Analysis and prediction for the housing market prices using Cross Validation and Grid Search in several regression models
In this article, I analyze the factors related to housing prices in Melbourne and perform the predictions for the housing prices using several machine learning techniques. The models used in this analysis are Linear Regression, Ridge Regression, K-Nearest Neighbors (hereafter, KNN), and Decision Tree. Using the methods of the Cross Validation and Grid Search techniques, I find the optimal values for hyper parameters in each model, and compare the results to find the best machine learning model to predict the housing prices in Melbourne.
- Install Python 3.
- Install Jupyter Notebook.
- Install the Python requirements with
pip install -r requirements.txt. - Save
settings.pyin your computer and create a new PATH system variable to locate the folder where thesettings.pyis saved.- In order to draw the melbourne housing map using gmplot, you have to create
private.pyfile containing a lineAPI_KEY = "your own api_key". Then, save this file in the same folder as wheresettings.pyis.
- In order to draw the melbourne housing map using gmplot, you have to create
- Open
melbourne_housing.ipynbin the Jupyter Notebook and run the cells.

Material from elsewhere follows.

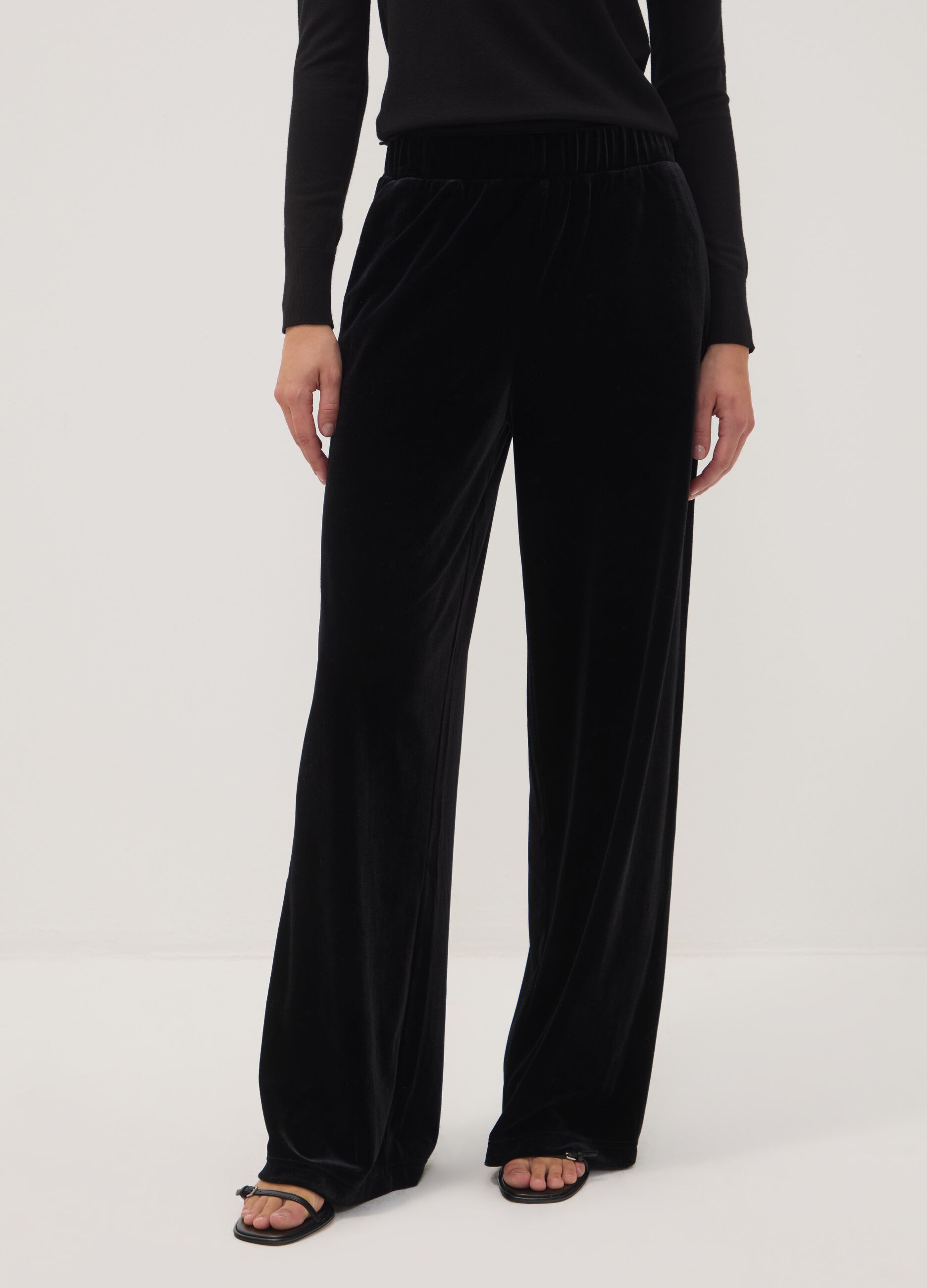 Pantaloni neri wide leg in tessuto velour elasticizzato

(Link to the notebook: https://github.com/yjeong5126/housing_prices/blob/master/melbourne_housing.ipynb)
The data for this project is the Melbourne Housing Market from the Kaggle dataset. The geographical distribution of the houses in Melbouren is as follows:
The results of the basic predictions for each model are as follows:
- Linear Regression
The R² of the linear regression is 0.6146, which means that about 60% of the variance of the housing prices in the data can be predicted by the model. The RMSE is 264,465. This means that for all the predictions for the testing set, the average difference for each prediction is \$264,465.
- Ridge Regression
The result above is obtained with the regularization parameter(alpha) equal to 100. The R² of this model is 0.6133, and the RMSE is 264,920.
- KNN Regression
The result above is obtained with the number of the neighbors equal to 5. The R² of this model is 0.7053, and the RMSE is 231,250.
- Decision Tree Regression
Max depth is set to 15. The R² of this model is 0.6920, and the RMSE is 236,424.
The optimal values of the hyper-parameters for each model are as follows:
- Ridge: alpha = 10
- KNN: the number of neighbors = 16
- Decision Tree: max depth = 9
The following graphs show the distributions and the changes of the metric scores in the cross validation at the optimal values of the hyper-parameters.
The model showing the best performance for the prediction is K-Nearest Neighbors, and the optimal value for the number of neighbors is 16.